O Frei Vicente do Salvador em sua clássica obra História do Brasil datada de 1627, vaticinou que “nenhum homem nessa terra é repúblico, nem zela ou trata do bem comum, senão cada um do bem particular”. Impressionante como ainda somos um país patrimonialista e estamental, ávido pela preservação de privilégios, existindo algumas atividades ou carreiras de estado que recebem um tratamento diferenciado, antirepublicano e completamente danoso aos interesses da coletividade e da cidadania.
É nesse contexto que se inserem os militares. Ao se valer do lema “Braço forte, mão amiga” o Exército Brasileiro demonstra que as forças armadas possuem tanto o poder de combate e manutenção da lei e da ordem (braço forte), como também estão aptos a prestarem pronto auxílio nas hipóteses de calamidade pública, situações de emergência e crises humanitárias, como nas enchentes, campanhas de vacinação e acolhimento de refugiados (mão amiga).
Acabamos de sair de um governo que optou por enaltecer os militares, aumentando exponencialmente o número de integrantes das três forças como ocupantes de cargos em comissão na administração pública direta e indireta. De repente passamos a ter generais e outros oficiais cuidando de temas variados tais como saúde, educação, petróleo e gás, esporte, orçamento e transporte.
Os militares saíram da caserna e voltaram a emitir opinião sobre vários assuntos, figurando como especialistas até em matérias inóspitas como urnas eletrônicas e liberação de mercadorias apreendidas na alfândega. Todo esse protagonismo revelou para a nação que além do braço forte e da mão amiga, uma parte considerável dos integrantes das forças armadas luta com bastante denodo por sinecuras, são guerreiros voltados à preservação de benesses injustificáveis em uma república, buscam tratamento diferenciado no serviço público, esquivando-se para não serem açambarcados pelos princípios constitucionais da moralidade, impessoalidade e razoabilidade.
Dentre referidos privilégios que transformam a ideia de república (res publica) em cosa nostra, pode-se citar a existência de pensão vitalícia para filhas solteiras, o pagamento de pensão a esposa e filhos do militar que condenado criminalmente foi expulso da corporação, regras próprias de previdência com critérios específicos de reforma e diversos auxílios que só existem na caserna, demonstrando que nem só de patriotismo vivem os fardados.
Em razão das limitações do presente texto, cuidaremos apenas do pagamento de pensão a esposa e/ou filhos do militar que sofre condenação criminal com trânsito em julgado e em razão do crime praticado tem como consequência da sentença condenatória a perda da graduação (no caso dos praças) ou do posto e da patente pelo processo de indignidade ou de incompatibilidade (em se tratando de oficial).

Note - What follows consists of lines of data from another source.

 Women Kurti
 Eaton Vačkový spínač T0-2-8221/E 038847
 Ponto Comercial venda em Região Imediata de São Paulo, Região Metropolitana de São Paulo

A Constituição Federal de 1988 definiu a presunção de inocência como uma garantia fundamental, estabelecendo no preceito agasalhado no art. 5º, LVII, que ninguém será considerado culpado até o trânsito em julgado de sentença penal condenatória. Tem-se o trânsito em julgado como limite de respeito à não culpabilidade.
Essa regra vale para todos os servidores públicos civis que respondam a um processo criminal, devendo suportar como efeito da condenação criminal a perda do cargo, função pública ou mandato eletivo, quando praticados ilícitos com abuso de poder ou violação do dever para com a administração pública ou acaso venha a ser condenado a uma pena superior a 4 anos nas demais hipóteses em que o crime não tenha correlação com o cargo público ocupado (art. 92, I, “a” e “b”, do Código Penal).
Para o militar considerado indigno da função, condenado com trânsito em julgado por crime grave (como traficar drogas dentro de uma aeronave que transporta o presidente da república) ou mesmo um homicídio no envolvimento com milícias, seu cônjuge recebe uma pensão vitalícia, passando as forças armadas a considerar o militar como morto.
Cuida-se de dádiva instituída pela Lei 3.765/60, promulgada pelo presidente Juscelino Kubitschek, em um tempo distante, quando os princípios constitucionais que norteiam a administração pública ainda eram ideias embrionárias e o estado era visto como o grande protetor e provedor. Trata-se de regra totalmente inconstitucional por ferir a moralidade administrativa, a razoabilidade e a impessoalidade, criando uma fictio juris ao definir o militar expulso das forças armadas como morto, destinando o valor do soldo para a esposa ou familiar.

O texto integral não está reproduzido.